序章 新しい視点に立った交通運輸政策の展開に向けて


 21世紀を目前に控え、我が国は、大きな環境変化に直面しており、経済社会構造の変革が求められている。国際的には、経済活動のグローバル化が進み、「大競争時代」を迎えるとともに、地球温暖化等の地球的規模の諸課題への対応が急務となっている。国内的には、厳しい経済状況が長期化するとともに、経済の成熟化に伴う国民の意識や価値観の多様化、少子・高齢化社会の急速な進展、情報通信の高度化等が顕著となっている。
 こうした中で、行政の仕組みやその在り方についても見直しが行われ、時代の要請に応えつつ総合性をもった効率的な行政を推進するため、中央省庁の再編が実施されることとなり、中央省庁等改革基本法に基づき、その一環として国土交通省の設立が決定された。

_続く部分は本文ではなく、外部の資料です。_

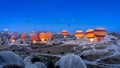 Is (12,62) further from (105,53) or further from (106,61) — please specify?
(105,53)

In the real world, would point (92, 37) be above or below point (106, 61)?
above

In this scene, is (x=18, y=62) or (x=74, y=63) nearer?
(x=18, y=62)

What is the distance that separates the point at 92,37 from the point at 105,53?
13769 mm

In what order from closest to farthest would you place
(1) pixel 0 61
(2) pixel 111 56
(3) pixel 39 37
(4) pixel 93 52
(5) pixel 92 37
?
(1) pixel 0 61, (2) pixel 111 56, (4) pixel 93 52, (5) pixel 92 37, (3) pixel 39 37

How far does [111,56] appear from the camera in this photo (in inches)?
1575

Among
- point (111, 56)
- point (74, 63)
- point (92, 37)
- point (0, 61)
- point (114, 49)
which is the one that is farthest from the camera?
point (92, 37)

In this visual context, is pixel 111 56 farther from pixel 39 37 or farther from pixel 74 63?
pixel 39 37

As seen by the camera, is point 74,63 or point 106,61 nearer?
point 74,63

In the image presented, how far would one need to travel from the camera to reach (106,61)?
122 feet

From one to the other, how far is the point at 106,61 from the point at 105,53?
6.00m

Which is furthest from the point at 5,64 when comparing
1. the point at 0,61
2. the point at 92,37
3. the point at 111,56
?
the point at 92,37

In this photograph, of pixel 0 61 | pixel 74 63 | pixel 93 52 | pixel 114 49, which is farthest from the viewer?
pixel 114 49

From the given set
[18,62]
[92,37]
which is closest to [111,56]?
[92,37]

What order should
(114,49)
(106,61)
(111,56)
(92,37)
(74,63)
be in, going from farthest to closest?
(92,37) → (114,49) → (111,56) → (106,61) → (74,63) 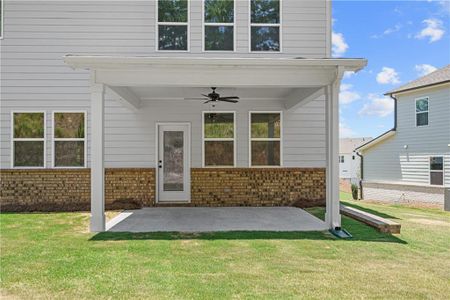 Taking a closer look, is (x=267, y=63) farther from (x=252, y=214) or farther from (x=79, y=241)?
(x=79, y=241)

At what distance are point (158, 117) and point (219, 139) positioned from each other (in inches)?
69.4

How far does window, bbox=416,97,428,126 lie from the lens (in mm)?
14498

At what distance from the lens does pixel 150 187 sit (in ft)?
29.9

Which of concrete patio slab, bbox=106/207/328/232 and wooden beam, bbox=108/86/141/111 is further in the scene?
wooden beam, bbox=108/86/141/111

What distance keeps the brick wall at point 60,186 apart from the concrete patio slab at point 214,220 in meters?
0.96

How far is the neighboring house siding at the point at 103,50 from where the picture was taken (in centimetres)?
896

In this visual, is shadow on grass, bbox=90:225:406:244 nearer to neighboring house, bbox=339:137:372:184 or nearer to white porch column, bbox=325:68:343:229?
white porch column, bbox=325:68:343:229

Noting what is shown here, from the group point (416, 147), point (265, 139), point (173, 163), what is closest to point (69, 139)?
point (173, 163)

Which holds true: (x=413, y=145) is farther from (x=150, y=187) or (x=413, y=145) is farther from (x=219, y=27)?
(x=150, y=187)

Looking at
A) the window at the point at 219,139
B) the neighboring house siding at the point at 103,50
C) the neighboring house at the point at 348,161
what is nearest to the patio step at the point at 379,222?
the neighboring house siding at the point at 103,50

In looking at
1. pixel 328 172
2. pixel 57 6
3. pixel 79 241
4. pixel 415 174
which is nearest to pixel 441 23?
pixel 415 174

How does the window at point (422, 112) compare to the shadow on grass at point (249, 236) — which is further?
the window at point (422, 112)

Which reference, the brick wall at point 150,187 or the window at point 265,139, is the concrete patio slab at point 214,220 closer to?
the brick wall at point 150,187

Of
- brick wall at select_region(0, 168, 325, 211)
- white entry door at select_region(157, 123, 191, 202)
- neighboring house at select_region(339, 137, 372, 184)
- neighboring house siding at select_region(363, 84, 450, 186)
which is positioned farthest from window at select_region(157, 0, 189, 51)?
neighboring house at select_region(339, 137, 372, 184)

 今後の交通運輸行政においては、上記のような様々な環境変化に対応して、経済活動の活力を維持・発展させつつ、国民が真の豊かさを実感できるような社会を実現するための新しい政策を展開していくことが求められる。とりわけ、地球温暖化問題の顕在化及び少子・高齢化社会の到来は、極めて大きな変化であり、交通運輸の分野においても早急な対応が必要となっている。
 戦後、我が国は、めざましい経済発展を遂げ、世界有数の経済力を有するようになり、豊かな社会を実現したが、大量生産・大量消費・大量廃棄の文明社会は、その反面として大きな負の環境負荷をもたらした。これまでは、そのような環境負荷は、地球という大きな自然が許容してくれるものとして、我々は、資源の消費とそれがもたらす利便性を享受してきたが、地球は、そのような無限の包容力を持つものとは言えないことが次第に明らかとなってきた。

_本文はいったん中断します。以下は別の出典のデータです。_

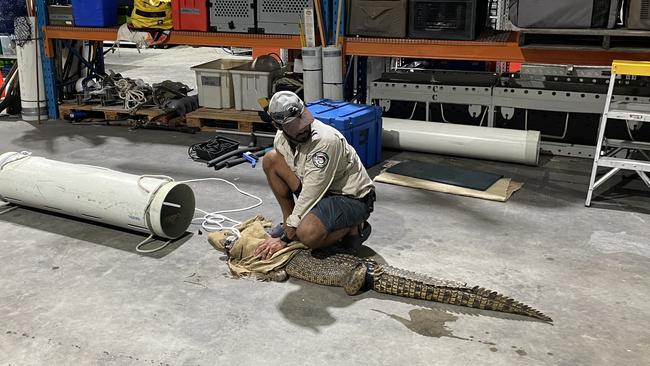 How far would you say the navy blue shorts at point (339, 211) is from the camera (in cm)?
397

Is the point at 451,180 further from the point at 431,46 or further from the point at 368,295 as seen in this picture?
the point at 368,295

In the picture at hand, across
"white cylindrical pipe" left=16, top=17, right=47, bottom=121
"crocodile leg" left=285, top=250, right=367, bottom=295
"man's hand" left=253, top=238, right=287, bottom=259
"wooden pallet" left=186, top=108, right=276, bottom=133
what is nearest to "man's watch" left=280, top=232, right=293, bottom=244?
"man's hand" left=253, top=238, right=287, bottom=259

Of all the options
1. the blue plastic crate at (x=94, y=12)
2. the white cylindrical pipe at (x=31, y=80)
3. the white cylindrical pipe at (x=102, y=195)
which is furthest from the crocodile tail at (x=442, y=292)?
the white cylindrical pipe at (x=31, y=80)

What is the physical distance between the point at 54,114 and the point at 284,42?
3633 mm

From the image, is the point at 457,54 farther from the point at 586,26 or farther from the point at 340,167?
the point at 340,167

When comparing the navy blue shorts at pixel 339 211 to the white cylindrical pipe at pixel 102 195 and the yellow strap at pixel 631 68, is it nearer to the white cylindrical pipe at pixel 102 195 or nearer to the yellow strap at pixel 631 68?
the white cylindrical pipe at pixel 102 195

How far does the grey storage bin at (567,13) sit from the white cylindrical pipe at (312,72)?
2.12 m

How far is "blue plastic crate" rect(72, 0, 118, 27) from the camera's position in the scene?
26.0 feet

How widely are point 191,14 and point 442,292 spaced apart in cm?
513

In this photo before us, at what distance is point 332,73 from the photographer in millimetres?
6738

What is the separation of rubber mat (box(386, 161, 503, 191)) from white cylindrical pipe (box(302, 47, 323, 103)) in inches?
50.7

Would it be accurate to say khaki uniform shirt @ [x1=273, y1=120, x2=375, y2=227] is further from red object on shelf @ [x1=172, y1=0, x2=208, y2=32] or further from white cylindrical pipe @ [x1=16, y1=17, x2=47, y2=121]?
white cylindrical pipe @ [x1=16, y1=17, x2=47, y2=121]

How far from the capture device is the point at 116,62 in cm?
1438

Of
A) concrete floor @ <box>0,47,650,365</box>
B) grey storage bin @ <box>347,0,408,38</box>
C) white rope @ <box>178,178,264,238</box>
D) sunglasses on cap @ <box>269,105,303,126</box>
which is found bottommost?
concrete floor @ <box>0,47,650,365</box> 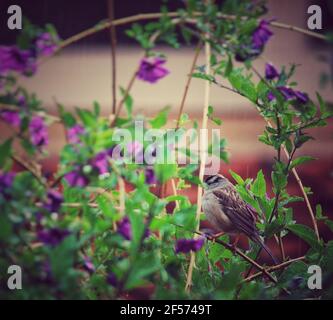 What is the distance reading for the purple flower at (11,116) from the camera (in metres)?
1.39

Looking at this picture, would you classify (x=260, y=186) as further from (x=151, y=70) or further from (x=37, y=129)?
(x=37, y=129)

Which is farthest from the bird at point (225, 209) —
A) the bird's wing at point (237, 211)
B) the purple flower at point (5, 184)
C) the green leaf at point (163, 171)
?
the purple flower at point (5, 184)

 その具体的な現れのひとつが地球温暖化問題である。石油等の化石燃料の大量消費等によって二酸化炭素をはじめとする温室効果ガスの排出量が増大し、地球の温暖化を招いているが、交通運輸分野もその原因のひとつであり、過度のトラック、マイカー依存や我々のライフスタイルの見直しが求められている。
 また、我が国の人口は、経済成長と歩調を合わせるように増加し、若年労働力の増加により消費の拡大をもたらすという好循環を生んだが、近年、少子化が進み、人口増加の伸びが鈍化してきた。一方、平均寿命は世界最高水準になっており、我が国は、世界にも例のないスピードで高齢化が進んでいる。そして、21世紀初頭には、これまでに経験したことのない少子・高齢化社会を迎えることとなる。
 しかし、少子・高齢化社会をマイナスのイメージでのみとらえるべきではない。最近は、健康状態が良好で経済的にも自立した高齢者が多くなってきており、元気で豊かな高齢者の社会参加が進んでいる。
 また、障害を持たない者と同等に生活し、活動する社会を目指す「ノーマライゼーション」の理念が浸透する中で、障害者が主体性・自立性を発揮して社会活動に積極的に参加し、自己実現を図ろうとする動きが高まってきている。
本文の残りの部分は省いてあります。